◆ Problem to work on
Please set down exactly the lines of the listing below from the line containing "May include: An" through the line containing "a living room with a couch and a coffee", both lines included, leaving out all other lines.
———
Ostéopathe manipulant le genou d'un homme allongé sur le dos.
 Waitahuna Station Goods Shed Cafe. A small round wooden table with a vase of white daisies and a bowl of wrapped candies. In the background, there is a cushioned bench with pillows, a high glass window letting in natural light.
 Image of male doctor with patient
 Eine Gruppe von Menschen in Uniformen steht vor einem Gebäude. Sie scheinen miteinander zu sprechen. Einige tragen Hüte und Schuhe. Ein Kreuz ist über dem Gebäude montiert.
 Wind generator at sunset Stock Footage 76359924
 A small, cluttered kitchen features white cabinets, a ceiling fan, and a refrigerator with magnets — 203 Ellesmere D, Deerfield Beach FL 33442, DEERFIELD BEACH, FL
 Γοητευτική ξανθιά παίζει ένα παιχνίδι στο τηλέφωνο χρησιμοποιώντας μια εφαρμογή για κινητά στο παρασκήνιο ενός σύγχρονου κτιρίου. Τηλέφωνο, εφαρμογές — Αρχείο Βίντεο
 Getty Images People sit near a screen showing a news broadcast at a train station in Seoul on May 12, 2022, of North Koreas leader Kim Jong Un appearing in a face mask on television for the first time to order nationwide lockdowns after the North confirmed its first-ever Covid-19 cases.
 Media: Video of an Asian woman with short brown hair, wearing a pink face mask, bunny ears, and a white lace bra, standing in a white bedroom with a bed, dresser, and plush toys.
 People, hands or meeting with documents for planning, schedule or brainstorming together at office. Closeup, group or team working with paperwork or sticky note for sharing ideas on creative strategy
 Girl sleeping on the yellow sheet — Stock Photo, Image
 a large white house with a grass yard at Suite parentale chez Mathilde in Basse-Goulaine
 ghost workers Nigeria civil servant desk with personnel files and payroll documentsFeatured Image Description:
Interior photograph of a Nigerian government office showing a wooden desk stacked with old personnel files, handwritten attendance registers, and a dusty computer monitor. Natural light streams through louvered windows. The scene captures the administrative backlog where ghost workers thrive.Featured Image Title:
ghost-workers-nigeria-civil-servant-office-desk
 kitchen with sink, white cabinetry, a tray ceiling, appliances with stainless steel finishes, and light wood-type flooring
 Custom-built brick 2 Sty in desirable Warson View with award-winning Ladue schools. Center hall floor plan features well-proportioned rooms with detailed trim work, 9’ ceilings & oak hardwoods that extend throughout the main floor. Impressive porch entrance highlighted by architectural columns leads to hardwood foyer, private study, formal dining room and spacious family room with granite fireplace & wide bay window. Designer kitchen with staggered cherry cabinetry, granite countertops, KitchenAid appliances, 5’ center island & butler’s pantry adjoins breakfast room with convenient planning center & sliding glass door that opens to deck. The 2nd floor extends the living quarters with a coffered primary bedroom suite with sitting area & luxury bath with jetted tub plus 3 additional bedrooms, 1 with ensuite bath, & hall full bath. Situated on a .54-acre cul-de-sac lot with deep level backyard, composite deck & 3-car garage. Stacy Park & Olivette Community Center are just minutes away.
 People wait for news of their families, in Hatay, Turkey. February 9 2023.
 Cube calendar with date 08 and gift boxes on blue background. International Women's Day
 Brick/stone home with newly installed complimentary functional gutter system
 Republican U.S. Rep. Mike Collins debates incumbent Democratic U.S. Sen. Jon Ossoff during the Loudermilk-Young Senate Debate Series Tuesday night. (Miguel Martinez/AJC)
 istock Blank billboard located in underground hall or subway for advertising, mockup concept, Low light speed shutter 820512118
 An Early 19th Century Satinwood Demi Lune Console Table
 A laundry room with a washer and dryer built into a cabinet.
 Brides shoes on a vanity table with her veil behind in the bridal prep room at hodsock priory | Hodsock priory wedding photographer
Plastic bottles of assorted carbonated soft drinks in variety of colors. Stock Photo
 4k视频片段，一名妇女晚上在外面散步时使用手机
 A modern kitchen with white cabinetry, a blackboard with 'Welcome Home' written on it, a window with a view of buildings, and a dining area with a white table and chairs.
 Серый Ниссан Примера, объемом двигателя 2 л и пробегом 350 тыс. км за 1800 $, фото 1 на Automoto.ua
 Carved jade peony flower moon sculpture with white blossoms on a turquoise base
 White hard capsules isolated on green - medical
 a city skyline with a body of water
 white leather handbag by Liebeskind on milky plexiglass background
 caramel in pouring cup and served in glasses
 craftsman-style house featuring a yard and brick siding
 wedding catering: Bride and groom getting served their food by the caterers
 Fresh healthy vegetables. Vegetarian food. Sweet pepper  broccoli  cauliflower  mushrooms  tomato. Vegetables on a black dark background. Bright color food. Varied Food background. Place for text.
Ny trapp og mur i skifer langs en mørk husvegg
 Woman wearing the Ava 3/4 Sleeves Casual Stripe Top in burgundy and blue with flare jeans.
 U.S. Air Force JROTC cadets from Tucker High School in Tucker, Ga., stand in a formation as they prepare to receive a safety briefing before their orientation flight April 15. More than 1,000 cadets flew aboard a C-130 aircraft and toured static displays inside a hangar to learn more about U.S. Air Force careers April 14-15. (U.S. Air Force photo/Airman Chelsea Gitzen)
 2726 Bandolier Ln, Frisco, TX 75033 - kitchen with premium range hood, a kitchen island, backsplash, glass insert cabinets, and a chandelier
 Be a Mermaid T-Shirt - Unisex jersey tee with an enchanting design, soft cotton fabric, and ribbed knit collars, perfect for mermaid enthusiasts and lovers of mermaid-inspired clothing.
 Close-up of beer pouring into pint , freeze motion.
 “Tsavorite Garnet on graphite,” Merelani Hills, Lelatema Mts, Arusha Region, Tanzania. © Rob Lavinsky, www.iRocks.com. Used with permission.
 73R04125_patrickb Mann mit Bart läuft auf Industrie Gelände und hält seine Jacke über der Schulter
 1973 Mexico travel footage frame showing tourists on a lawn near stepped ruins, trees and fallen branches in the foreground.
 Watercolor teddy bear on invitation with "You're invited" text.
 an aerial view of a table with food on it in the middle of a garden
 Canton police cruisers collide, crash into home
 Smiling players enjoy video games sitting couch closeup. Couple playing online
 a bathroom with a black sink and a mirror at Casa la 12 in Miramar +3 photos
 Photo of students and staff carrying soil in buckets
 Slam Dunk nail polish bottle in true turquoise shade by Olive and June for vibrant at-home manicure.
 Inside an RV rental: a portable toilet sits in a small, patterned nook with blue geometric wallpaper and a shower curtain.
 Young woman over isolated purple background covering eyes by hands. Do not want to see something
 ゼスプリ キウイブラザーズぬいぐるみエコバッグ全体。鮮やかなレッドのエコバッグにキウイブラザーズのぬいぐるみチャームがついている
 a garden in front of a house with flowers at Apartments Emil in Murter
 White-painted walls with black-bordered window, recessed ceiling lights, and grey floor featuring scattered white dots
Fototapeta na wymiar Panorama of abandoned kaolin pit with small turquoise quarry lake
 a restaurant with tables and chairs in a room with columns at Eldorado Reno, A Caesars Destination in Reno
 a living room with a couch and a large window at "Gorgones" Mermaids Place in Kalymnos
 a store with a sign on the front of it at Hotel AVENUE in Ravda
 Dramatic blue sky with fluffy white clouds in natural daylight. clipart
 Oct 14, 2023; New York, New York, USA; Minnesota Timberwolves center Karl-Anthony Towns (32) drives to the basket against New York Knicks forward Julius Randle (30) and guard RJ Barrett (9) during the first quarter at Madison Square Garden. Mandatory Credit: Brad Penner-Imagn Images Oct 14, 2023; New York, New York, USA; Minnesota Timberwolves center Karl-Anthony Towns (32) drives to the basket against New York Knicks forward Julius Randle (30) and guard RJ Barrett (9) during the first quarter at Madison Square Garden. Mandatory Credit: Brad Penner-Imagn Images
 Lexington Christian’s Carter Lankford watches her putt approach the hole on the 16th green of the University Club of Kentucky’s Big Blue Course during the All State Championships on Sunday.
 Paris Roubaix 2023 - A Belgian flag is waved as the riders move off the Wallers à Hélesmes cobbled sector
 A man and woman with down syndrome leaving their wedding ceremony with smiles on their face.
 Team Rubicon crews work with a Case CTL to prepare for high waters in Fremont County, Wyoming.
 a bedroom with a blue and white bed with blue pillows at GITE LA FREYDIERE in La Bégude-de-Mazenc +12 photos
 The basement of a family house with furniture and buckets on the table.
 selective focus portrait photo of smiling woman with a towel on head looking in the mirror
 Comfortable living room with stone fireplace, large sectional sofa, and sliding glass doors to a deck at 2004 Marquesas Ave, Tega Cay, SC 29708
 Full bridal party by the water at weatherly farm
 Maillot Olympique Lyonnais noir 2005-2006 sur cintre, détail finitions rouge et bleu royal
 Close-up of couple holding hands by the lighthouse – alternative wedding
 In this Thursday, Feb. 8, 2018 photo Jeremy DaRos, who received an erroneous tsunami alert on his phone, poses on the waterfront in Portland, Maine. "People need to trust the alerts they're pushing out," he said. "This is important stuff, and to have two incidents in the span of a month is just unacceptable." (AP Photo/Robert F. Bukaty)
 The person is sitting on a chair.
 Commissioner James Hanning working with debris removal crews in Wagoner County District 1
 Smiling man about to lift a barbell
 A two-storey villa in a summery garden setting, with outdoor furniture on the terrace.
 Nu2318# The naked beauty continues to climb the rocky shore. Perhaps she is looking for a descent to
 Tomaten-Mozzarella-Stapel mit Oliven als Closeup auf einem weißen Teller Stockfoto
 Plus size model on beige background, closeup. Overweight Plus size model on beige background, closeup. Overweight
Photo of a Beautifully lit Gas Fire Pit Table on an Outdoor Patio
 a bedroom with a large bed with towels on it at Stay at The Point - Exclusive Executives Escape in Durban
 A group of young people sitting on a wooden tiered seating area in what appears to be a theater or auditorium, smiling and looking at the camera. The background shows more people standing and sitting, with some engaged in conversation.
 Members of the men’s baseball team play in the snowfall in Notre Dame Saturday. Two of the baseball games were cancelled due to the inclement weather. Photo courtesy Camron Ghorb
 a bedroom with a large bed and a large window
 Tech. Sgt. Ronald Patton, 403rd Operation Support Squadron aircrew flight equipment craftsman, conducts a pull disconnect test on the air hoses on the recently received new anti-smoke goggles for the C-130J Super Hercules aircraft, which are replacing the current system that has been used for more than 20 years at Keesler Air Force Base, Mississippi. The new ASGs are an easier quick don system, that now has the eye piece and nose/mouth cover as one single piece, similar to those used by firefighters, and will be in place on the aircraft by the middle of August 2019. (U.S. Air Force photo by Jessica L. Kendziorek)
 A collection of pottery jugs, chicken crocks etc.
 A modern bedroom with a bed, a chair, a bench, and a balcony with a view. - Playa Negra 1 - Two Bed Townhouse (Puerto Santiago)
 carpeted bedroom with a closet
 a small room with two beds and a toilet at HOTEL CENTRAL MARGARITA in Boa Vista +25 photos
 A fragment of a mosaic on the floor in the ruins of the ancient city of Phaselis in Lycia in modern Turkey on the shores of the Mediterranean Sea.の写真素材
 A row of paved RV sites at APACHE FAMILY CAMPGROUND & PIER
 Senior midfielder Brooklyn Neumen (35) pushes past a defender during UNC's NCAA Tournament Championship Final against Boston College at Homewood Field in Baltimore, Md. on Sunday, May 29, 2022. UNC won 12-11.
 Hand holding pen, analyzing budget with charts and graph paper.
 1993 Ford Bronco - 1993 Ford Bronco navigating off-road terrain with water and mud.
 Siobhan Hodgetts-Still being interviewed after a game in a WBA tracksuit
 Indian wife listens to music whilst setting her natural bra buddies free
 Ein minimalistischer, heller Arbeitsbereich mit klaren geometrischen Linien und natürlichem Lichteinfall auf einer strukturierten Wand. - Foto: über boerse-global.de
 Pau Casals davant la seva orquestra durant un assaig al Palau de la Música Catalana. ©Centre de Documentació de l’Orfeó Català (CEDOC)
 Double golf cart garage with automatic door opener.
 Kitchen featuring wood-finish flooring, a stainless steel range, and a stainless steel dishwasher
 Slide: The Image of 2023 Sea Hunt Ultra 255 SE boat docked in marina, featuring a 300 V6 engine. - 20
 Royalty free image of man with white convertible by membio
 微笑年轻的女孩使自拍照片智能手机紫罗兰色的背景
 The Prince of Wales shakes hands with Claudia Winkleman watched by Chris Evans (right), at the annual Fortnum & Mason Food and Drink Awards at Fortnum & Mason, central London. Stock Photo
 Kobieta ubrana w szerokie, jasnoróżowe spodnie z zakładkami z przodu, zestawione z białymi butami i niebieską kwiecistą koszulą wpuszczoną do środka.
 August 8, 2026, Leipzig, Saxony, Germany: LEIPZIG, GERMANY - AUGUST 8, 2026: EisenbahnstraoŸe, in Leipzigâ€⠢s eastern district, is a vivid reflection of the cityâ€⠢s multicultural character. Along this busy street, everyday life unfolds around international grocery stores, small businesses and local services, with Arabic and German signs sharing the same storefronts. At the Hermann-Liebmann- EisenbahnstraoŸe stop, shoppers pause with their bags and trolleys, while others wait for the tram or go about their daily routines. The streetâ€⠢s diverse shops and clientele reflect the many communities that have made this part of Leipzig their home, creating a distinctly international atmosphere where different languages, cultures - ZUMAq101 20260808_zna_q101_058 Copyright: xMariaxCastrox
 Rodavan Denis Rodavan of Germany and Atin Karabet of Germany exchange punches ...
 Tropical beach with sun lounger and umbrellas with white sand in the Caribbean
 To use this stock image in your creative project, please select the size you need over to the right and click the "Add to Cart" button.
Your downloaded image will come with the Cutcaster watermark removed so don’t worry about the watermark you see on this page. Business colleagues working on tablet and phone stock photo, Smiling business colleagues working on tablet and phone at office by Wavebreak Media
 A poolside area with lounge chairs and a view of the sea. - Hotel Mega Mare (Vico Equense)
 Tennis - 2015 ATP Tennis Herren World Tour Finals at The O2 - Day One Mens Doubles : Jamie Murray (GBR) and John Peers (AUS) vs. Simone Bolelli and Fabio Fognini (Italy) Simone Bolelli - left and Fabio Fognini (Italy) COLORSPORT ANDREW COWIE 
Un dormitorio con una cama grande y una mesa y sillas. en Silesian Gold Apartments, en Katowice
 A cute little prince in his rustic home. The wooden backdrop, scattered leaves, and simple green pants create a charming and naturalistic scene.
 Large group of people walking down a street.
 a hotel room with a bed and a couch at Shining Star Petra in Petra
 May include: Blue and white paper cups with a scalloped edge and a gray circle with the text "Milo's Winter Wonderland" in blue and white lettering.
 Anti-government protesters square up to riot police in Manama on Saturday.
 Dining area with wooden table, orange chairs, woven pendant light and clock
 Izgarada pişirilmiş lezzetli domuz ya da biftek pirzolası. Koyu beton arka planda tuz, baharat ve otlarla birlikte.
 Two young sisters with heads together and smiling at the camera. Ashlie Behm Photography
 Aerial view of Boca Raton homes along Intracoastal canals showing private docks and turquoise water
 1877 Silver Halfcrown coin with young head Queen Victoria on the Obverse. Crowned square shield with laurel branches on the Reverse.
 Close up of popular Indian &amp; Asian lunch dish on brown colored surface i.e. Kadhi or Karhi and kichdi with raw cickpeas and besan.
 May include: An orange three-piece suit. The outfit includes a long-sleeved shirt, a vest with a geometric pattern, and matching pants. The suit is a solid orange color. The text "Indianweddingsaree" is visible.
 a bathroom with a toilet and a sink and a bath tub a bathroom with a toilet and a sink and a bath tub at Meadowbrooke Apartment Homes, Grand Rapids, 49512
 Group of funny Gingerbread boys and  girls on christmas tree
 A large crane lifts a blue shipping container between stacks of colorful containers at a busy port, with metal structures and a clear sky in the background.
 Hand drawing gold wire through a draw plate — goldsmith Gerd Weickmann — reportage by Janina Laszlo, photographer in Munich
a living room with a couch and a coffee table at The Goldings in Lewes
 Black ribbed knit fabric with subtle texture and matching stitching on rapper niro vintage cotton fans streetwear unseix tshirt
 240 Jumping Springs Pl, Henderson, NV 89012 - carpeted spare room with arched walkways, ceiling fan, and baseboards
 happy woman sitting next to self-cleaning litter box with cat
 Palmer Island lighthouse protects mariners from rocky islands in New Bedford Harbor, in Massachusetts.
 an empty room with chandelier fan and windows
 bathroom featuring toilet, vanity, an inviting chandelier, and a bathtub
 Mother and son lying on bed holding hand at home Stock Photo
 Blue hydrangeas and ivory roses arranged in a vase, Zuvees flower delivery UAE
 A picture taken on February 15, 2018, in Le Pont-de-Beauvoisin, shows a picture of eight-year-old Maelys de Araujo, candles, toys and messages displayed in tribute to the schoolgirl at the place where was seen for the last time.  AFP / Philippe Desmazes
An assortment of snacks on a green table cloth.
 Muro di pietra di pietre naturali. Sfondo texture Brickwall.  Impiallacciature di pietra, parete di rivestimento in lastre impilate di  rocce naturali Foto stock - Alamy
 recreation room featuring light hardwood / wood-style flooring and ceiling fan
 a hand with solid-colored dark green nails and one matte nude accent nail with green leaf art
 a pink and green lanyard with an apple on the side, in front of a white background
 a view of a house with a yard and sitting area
———
◆ Result
 May include: An orange three-piece suit. The outfit includes a long-sleeved shirt, a vest with a geometric pattern, and matching pants. The suit is a solid orange color. The text "Indianweddingsaree" is visible.
 a bathroom with a toilet and a sink and a bath tub a bathroom with a toilet and a sink and a bath tub at Meadowbrooke Apartment Homes, Grand Rapids, 49512
 Group of funny Gingerbread boys and  girls on christmas tree
 A large crane lifts a blue shipping container between stacks of colorful containers at a busy port, with metal structures and a clear sky in the background.
 Hand drawing gold wire through a draw plate — goldsmith Gerd Weickmann — reportage by Janina Laszlo, photographer in Munich
a living room with a couch and a coffee table at The Goldings in Lewes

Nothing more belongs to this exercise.